Of the old Greek stories, Orpheus and Eurydice are most on The Middlebrow’s mind these days, particularly after reading “The Frame Between Us,” a short story by Ethan Luk, published this month by the highly recommended One Story.
Orpheus was a poet and singer who could capitvate and subdue nature with his lyre. He was the son of Apollo and the Muse Calliope, so had divine skills. Eurydice, who either was a nymph or had nymphs around her, was Orpheus’ wife. Soon after their marriage (in Thomas Bullfinch’s retelling) while wandering the fields with her friends, she caught the lustful eye of the Centaur Aristaeus, who pursued her into the woods where she stepped on a snake while escaping him.
Aristaeus, by the way, is also a divine creature (aside from being half-man and half horse). He is the son of a prominent water nymph and a noted keeper of bees. But he is also a wild creature, driven by appetites and impulses and, it seems, as a creature partly of humanity and partly from the animal realm, isn’t supposed to be despised for his inability to control himself.
Eurydice dies, then, under assault by two forces of nature — the animalistic impulse of Aristaeus and the bite of a startled serpent. Aristaeus, losing sight of Eurydice in the woods, isn’t even aware that she struck. The whole event could be read as nature conspiring unfairly to take one life and to ruin another’s.
Orpheus, a child of deities with the power to put his sadness into a song so debilitating that it could cause crops to whither and fish to flee from land, decides to reclaim his love from death, to right ther unfair events taken against both Eurydice and him. He journeys to the underworld and in front of Hades and his captive bride Persephone, performs a song so moving that even the tortures reserved for the most punished souls of the underworld cease for a moment. Hades agrees to send Eurydice back to the world of life, but Orpheus must go back the way he came and not look back until he and his love are back in the sunlight.

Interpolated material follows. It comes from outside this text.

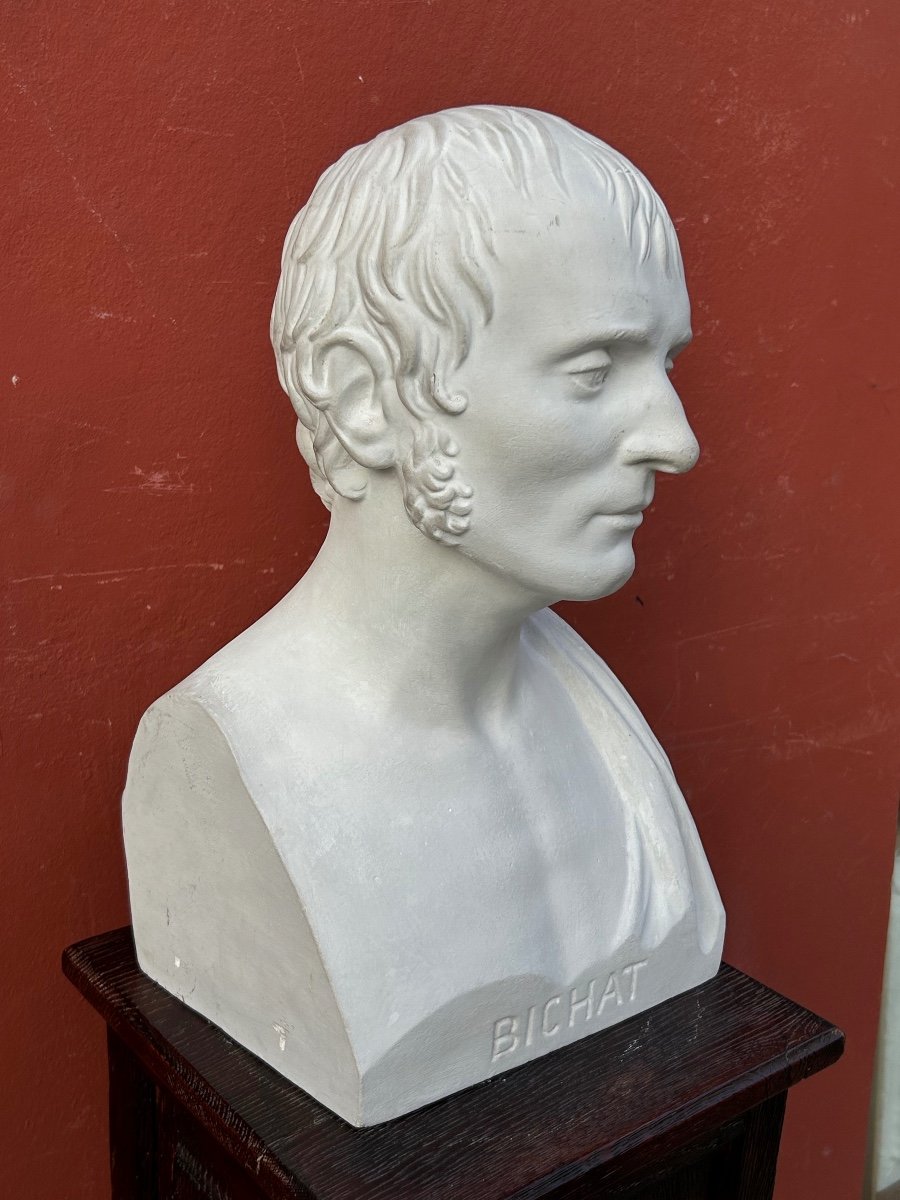 Xavier Bichat ( 1771-1802 ) Médecin - Buste De Bibliothèque En Plâtre XIXéme N°2-photo-2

It’s a long journey. And near its end, he looks back to see if Eurydice is following. He gets a last glimpse and she dissipates, swept back to Hades. He returns without her. Why does Orpheus look back? Bullfinch says it was “in a moment of forgetfulness.” Surely, not.
In 1956, poet W.D. Snodgrass suggests it was suspicion:
“Doubt she must track me close behind;
As the actual scent of flesh, she must
Trail my voice unquestioning where.
Yet where the dawn first edged my mind
In one white flashing of mistrust
I turned and she, she was not there.
My hands closed upon high, thin air.”
But this answer, more satsifying than Orpheus forgetting the rules, didn’t satisfy the poet H.D., who wrote from Eurydice’s point of view in 1925. Here, Eurydice can’t come up with a reason, other than defects on Orpheus’ personality:
“So for your arrogance
and your ruthlessness”
Eurydice’s anger stems from having been teased with a return to life. Had Orpheus left her to the land of shades, she says, she would have gradually forgetten her Earthly life. He decided to perform the impossible task of bringing her back to life and as she walked from the land of the dead she regained more memories and joys of life, only to have her growing hopes destroyed by his inability to move forward without looking back. He has condemned her to a death where she knows what she is missing in the world above.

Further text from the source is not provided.